- Origin: London, England
- Genres: Rock, indie rock, alternative rock
- Years active: 2006–2009
- Label: Marrakesh
- Spinoffs: Tribes
- Past members: Johnny Lloyd (vocals/guitar) Jimmy Cratchley (bass, vocals) Alex Kaines (guitar/vocals) Ben Niblett (drums, vocals) Dan White (synths/keyboard, vocals)
- Website: Official site

= Operahouse =

English rock band (2006–2009)

Operahouse was a five-piece rock band based in Camden, London. Operahouse released their debut single, "Man Next Door" in March 2007 on Glaze Records to great response, earning plaudits and airplay from such stations as BBC 6 Music, Xfm, and BBC Radio 2's Jonathan Ross. Their next single, "Born A Boy", was released on Marrakesh in January 2008 and in addition to getting even more airplay, scored rave reviews in the NME. The follow-up "Diane" was released in May 2008, which was also well received. Their next single, "Change in Nature", marked a new milestone for the band. On the band's MySpace, they claimed that they were "throwing off our indie shackles" and that the music "has a slightly darker ... theme".

==History==
Singer and guitarist Johnny Lloyd was brought up on The Velvet Underground, The Beatles and Led Zeppelin. He started playing guitar at eight years old, then quit and took up the saxophone for a few years before deciding he preferred guitar. Originally from Newcastle, Lloyd went to London via Rugby where he played football at school with Jimmy Cratchley. Cratchley started playing guitar with Lloyd when they were about 15. He moved to London to study photography at Camberwell Arts College. When Lloyd was looking for people to join the band he asked Cratchley. As Lloyd and Alex Kaines were both playing guitar, and they needed someone on bass guitar, Cratchley took up the role.

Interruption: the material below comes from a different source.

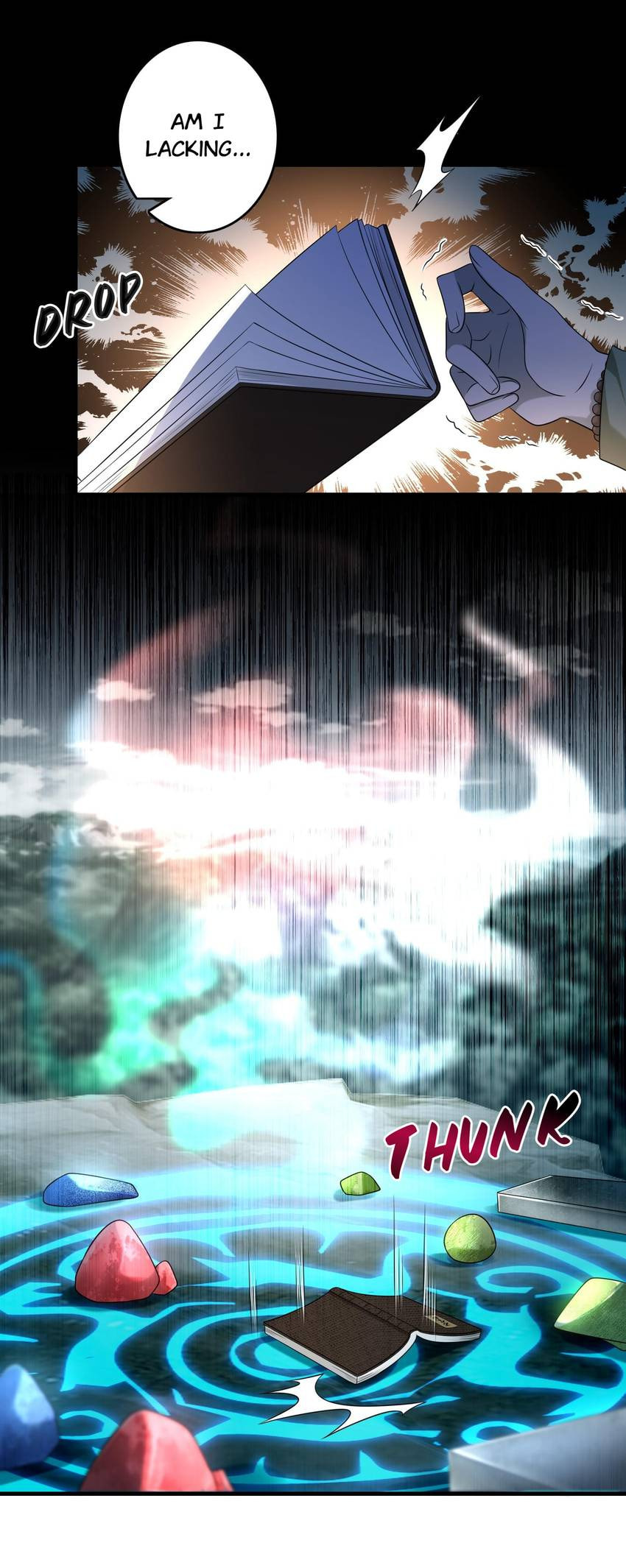 Read Infinity Mailman chapter 129 image 16 on Lezhin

Kaines was introduced to Lloyd by a mutual friend in a café in south London, and the basis for Operahouse was formed. Aged 18, Ben Niblett who had been playing drums for five years, was also recruited.

Dan White, the most recent member of the band (being the only member who joined after the band formed), was recruited to play the synthesizer and keyboard, and also played the xylophone beat in "Change in Nature". He appeared in the videos for "Change in Nature" and "Genius Child".

In 2007, the band's first single attracted the attention of Dominic Hardisty, who signed The Killers. Hardisty signed the band to his UK based label Marrakesh Records. Their debut album was released in early 2009.

Operahouse announced their split on 6 July 2009. Johnny Lloyd, Jimmy Cratchley and Dan White have subsequently found new success in indie rock band Tribes, while Alex Kaines (under his real name of Alex Robertshaw) moved on to become guitarist for Everything Everything.

==Discography==
===Albums===
- Change in Nature EP (November 2008, Marrakesh Records)
- Escape from the Sun (April 2009, Marrakesh Records)

===Singles===
- "Man Next Door" (March 2007, Glaze Records)
- "Born a Boy" (January 2008, Marrakesh Records)
- "Diane" (May 2008, Marrakesh Records)
- "Change in Nature" (November 2008, Marrakesh Records)
- "Genius Child" (March 2009, Marrakesh Records)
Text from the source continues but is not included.